#### Data for the task ####

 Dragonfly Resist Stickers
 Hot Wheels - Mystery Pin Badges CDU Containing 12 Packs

####
#### Data for the task ####

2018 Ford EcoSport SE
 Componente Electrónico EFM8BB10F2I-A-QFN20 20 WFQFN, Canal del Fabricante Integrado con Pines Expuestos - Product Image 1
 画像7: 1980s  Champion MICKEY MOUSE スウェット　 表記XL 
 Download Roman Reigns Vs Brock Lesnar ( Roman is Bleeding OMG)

####
#### Data for the task ####

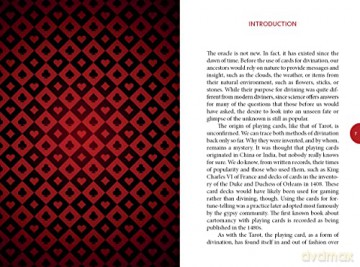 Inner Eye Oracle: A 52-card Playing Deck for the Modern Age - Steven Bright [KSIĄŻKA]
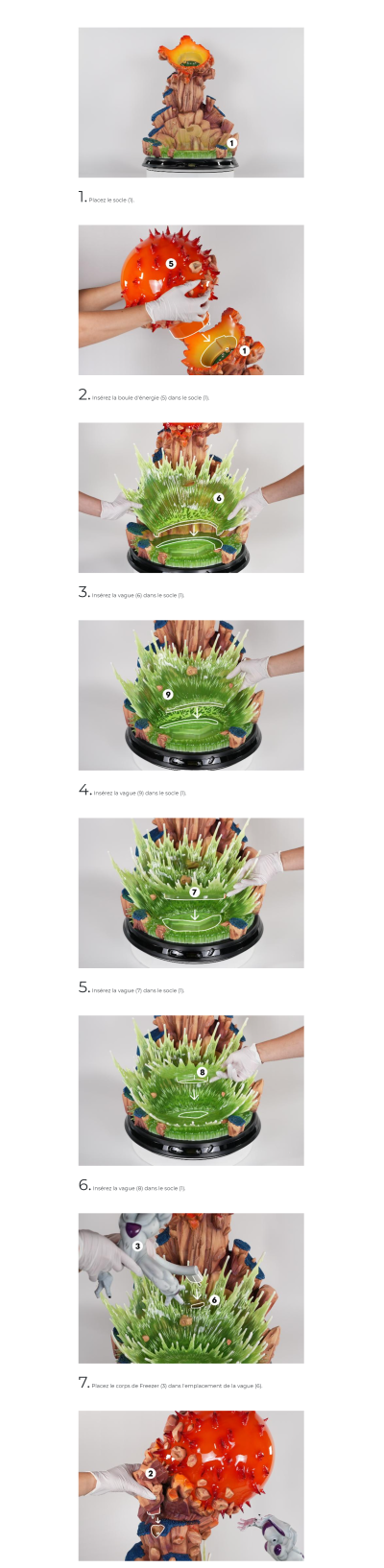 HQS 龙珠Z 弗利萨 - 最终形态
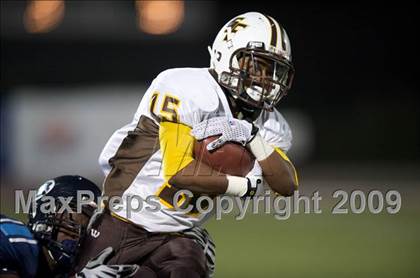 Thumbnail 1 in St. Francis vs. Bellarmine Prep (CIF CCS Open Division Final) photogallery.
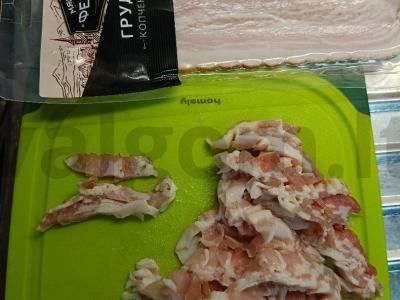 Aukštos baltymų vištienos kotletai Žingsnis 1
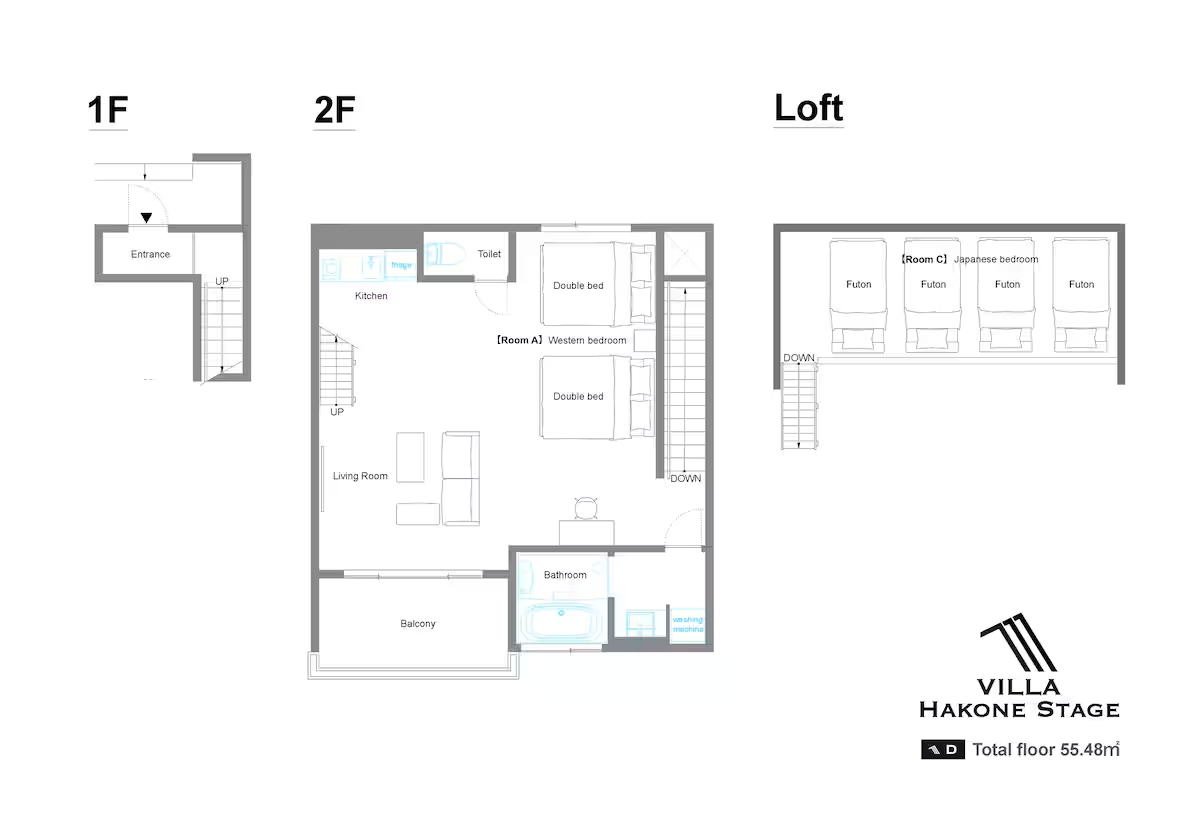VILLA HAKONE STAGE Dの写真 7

####

**Exercise details**
Reproduce exactly the lines above from the line with "Dragonfly Resist Stickers" to the line with "Hot Wheels - Mystery", including both, and add nothing.

**Exercise output**
 Dragonfly Resist Stickers
 Hot Wheels - Mystery Pin Badges CDU Containing 12 Packs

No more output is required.